DIRECTIONS FOR THIS TASK – Please say how many lines below include the word "Blue", with nothing beyond the number.

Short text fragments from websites
• • • •

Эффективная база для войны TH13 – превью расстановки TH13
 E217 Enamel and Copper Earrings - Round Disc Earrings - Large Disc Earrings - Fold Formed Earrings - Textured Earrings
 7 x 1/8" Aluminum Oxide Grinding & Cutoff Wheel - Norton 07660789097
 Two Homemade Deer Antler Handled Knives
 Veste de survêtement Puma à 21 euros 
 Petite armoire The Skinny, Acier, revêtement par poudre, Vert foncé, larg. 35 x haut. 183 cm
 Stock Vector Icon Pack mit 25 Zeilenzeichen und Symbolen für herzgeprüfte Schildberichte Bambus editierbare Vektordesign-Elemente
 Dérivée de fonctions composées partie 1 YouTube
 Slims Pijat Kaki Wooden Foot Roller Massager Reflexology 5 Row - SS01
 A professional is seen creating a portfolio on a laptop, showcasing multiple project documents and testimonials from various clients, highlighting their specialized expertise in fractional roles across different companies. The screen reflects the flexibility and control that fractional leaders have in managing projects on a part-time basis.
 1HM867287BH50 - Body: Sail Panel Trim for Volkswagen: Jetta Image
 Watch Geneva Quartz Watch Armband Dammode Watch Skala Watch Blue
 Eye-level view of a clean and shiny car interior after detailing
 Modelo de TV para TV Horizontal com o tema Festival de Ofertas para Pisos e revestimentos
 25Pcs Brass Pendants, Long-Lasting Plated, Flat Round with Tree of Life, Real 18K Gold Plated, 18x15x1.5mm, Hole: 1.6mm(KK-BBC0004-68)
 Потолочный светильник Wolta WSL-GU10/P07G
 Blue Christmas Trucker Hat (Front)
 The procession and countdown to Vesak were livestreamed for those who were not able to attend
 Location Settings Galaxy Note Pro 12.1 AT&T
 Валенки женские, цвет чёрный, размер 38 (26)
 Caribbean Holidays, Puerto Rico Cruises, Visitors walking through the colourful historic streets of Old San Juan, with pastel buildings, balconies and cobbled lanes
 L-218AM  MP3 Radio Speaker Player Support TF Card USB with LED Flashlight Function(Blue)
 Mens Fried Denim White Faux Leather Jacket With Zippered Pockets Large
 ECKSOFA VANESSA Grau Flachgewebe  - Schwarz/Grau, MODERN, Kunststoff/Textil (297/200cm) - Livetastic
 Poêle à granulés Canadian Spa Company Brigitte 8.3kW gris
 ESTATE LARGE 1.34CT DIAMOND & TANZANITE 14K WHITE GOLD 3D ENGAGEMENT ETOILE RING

• • • •

EXERCISE SOLUTION – 3